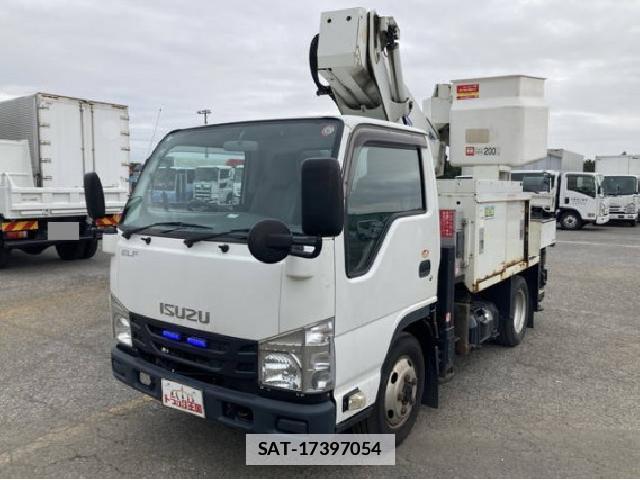 Isuzu ELF TRUCK 2017 7808125-3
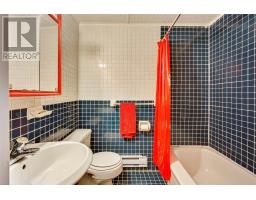 13-17 Roddick Crescent thumbnail 31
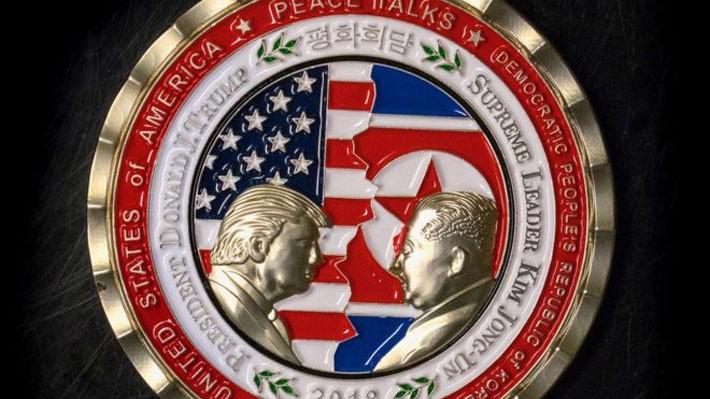 Đồng xu lưu niệm thượng đỉnh Mỹ-Triều do Mỹ phát hành - Ảnh: BBC.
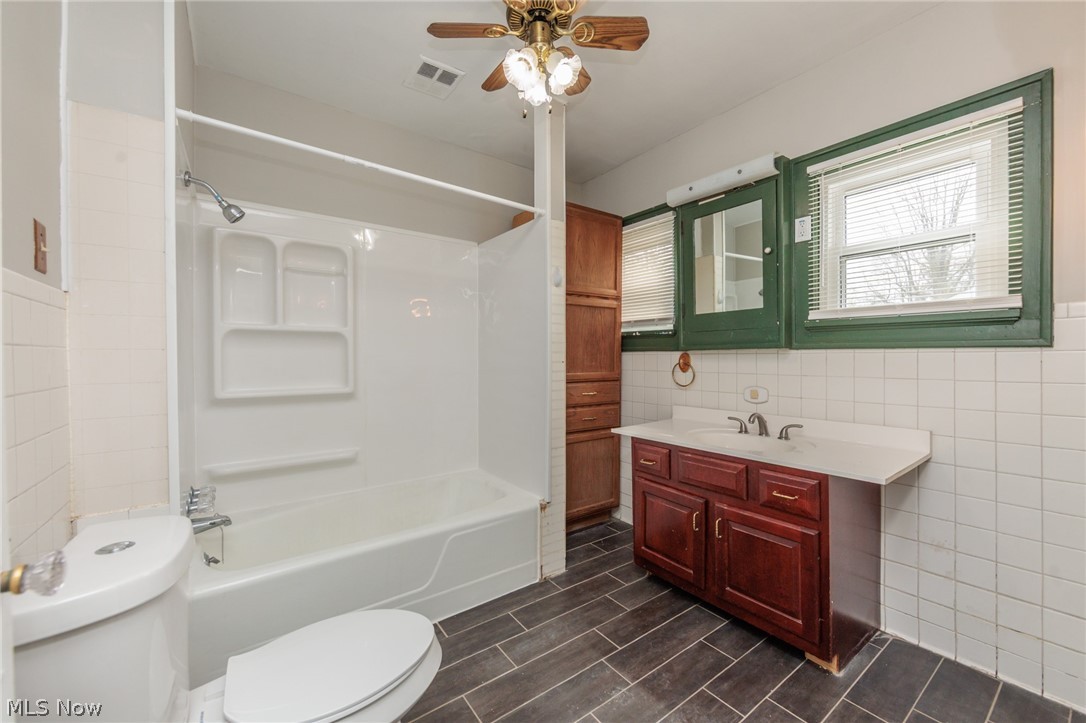 Ravenna Bldg Co - Residential Income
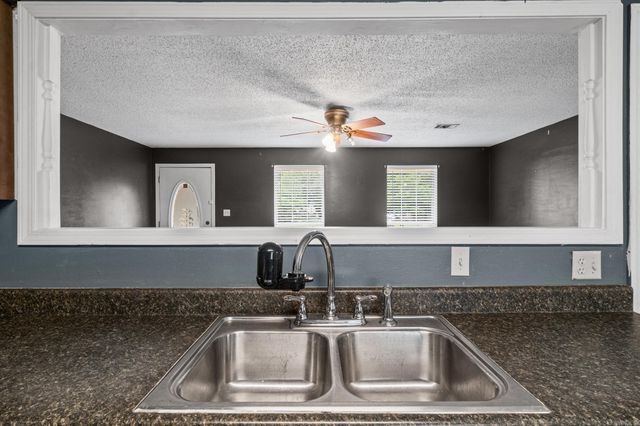 31 Hartwell Circle, Searcy, AR 72142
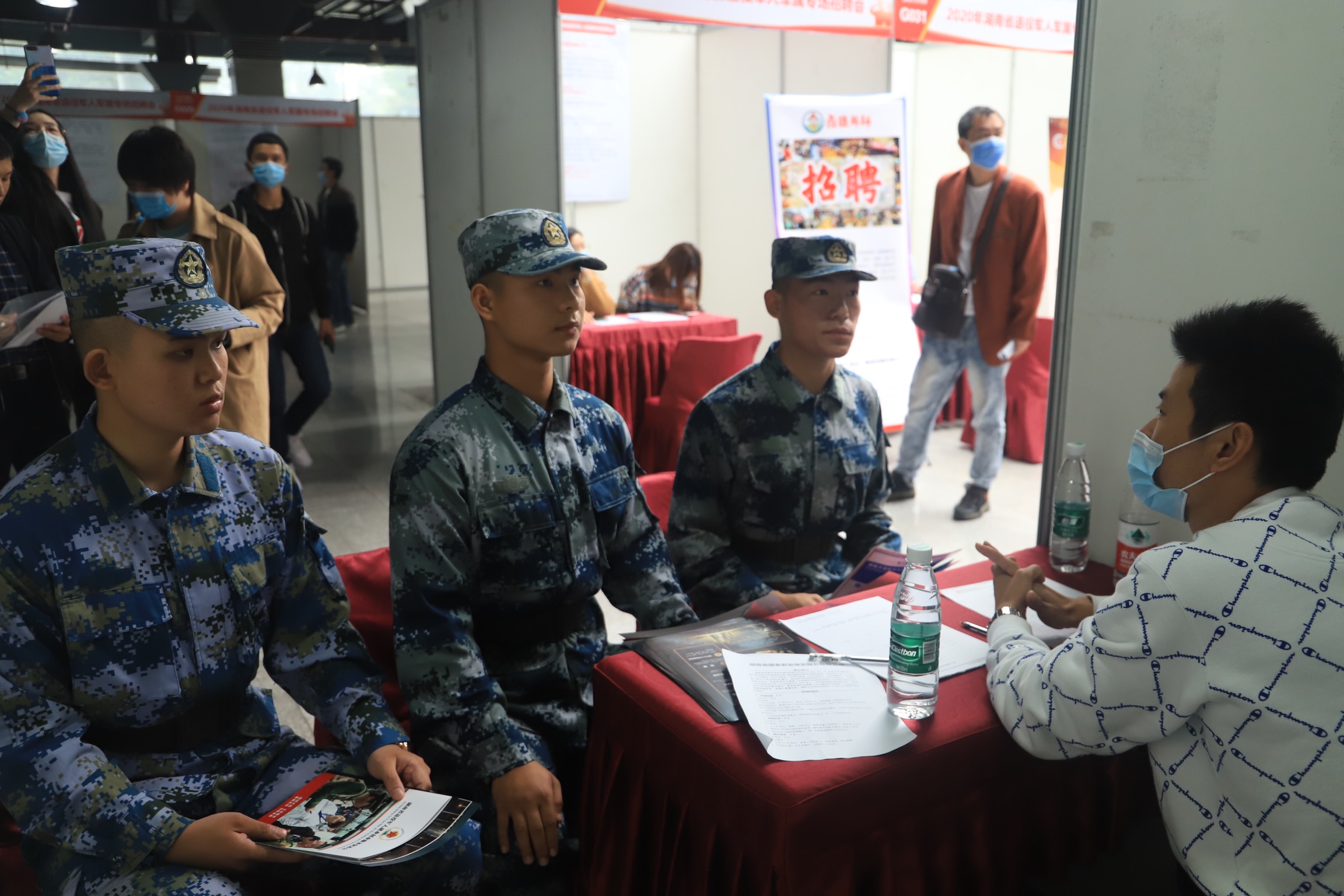 2020年湖南省退役军人军属专场招聘会在省人力资源服务中心正式启动。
----
» WHAT TO WORK ON
Starting at the line that contains "Ravenna Bldg Co - Residential Income", write out every line through the end of the entries, both ends included, without any pictures.

» RESULT FOR THIS TASK
 Ravenna Bldg Co - Residential Income
 31 Hartwell Circle, Searcy, AR 72142
 2020年湖南省退役军人军属专场招聘会在省人力资源服务中心正式启动。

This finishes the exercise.